PROBLEM TO SOLVE: Please transcribe the data exactly as shown, skipping the images.

[Data excerpts]
◆ ◆ ◆ ◆ ◆ ◆ ◆
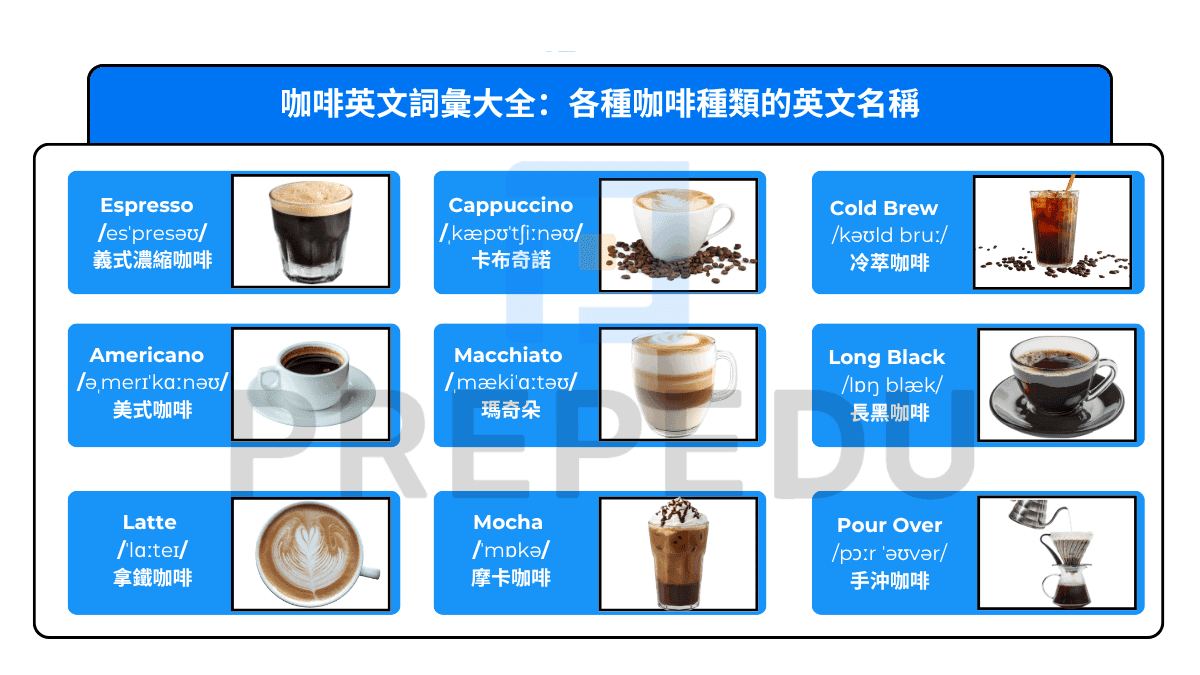 咖啡英文詞彙大全:各種咖啡種類的英文名稱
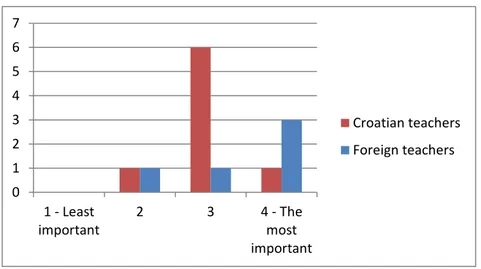 Figure 20: Comparison of teachers' responses: Teacher's personal experience with  members of other cultures 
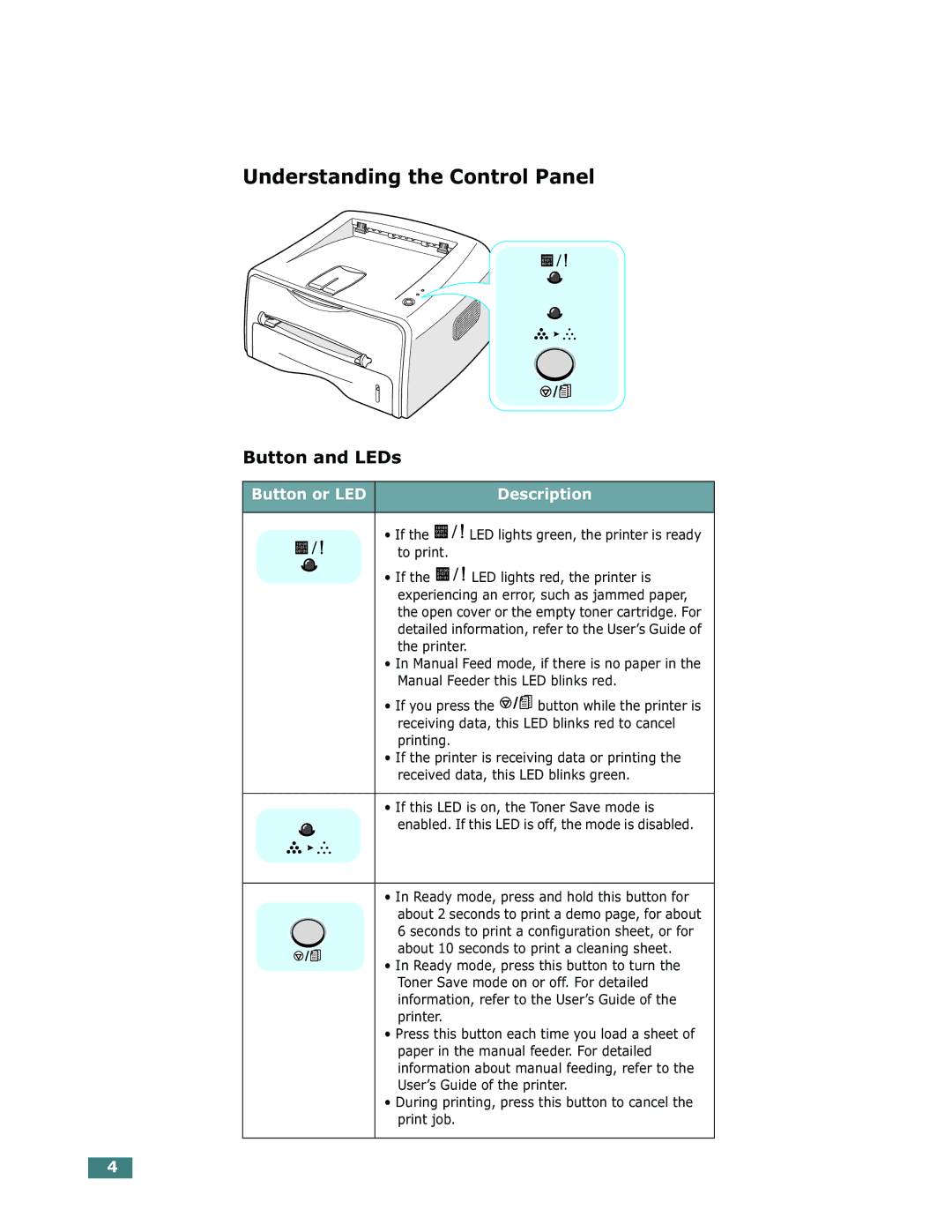 Xerox Phaser 3130 manual Understanding the Control Panel, Button and LEDs 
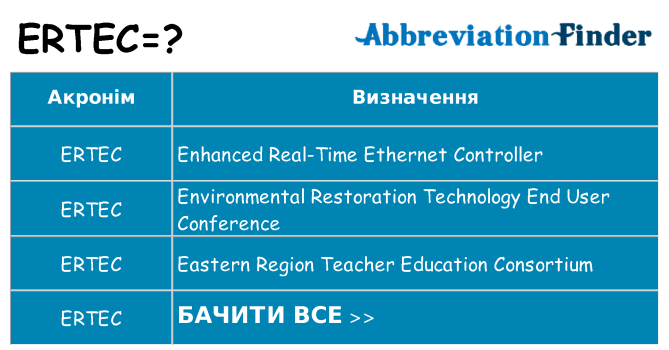 Що ertec означають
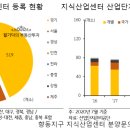 성하산업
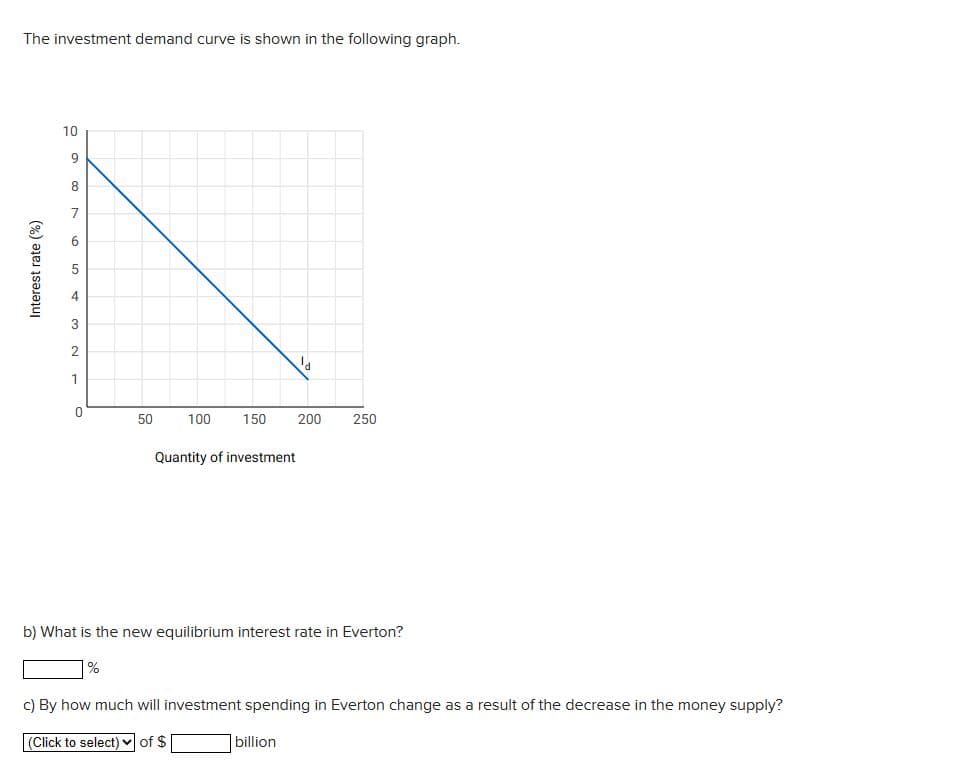 The investment demand curve is shown in the following graph.
Interest rate (%)
10
9
8
7
3
2
1
0
50
100
150 200
Quantity of investment
250
b) What is the new equilibrium interest rate in Everton?
1%
c) By how much will investment spending in Everton change as a result of the decrease in the money supply?
(Click to select) of $
billion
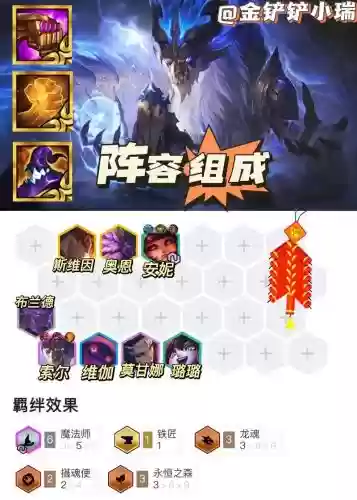龙王天赋阵容搭配插图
◆ ◆ ◆ ◆ ◆ ◆ ◆
TASK OUTPUT:
 咖啡英文詞彙大全:各種咖啡種類的英文名稱
 Figure 20: Comparison of teachers' responses: Teacher's personal experience with  members of other cultures 
 Xerox Phaser 3130 manual Understanding the Control Panel, Button and LEDs 
 Що ertec означають
 성하산업
 The investment demand curve is shown in the following graph.
Interest rate (%)
10
9
8
7
3
2
1
0
50
100
150 200
Quantity of investment
250
b) What is the new equilibrium interest rate in Everton?
1%
c) By how much will investment spending in Everton change as a result of the decrease in the money supply?
(Click to select) of $
billion
龙王天赋阵容搭配插图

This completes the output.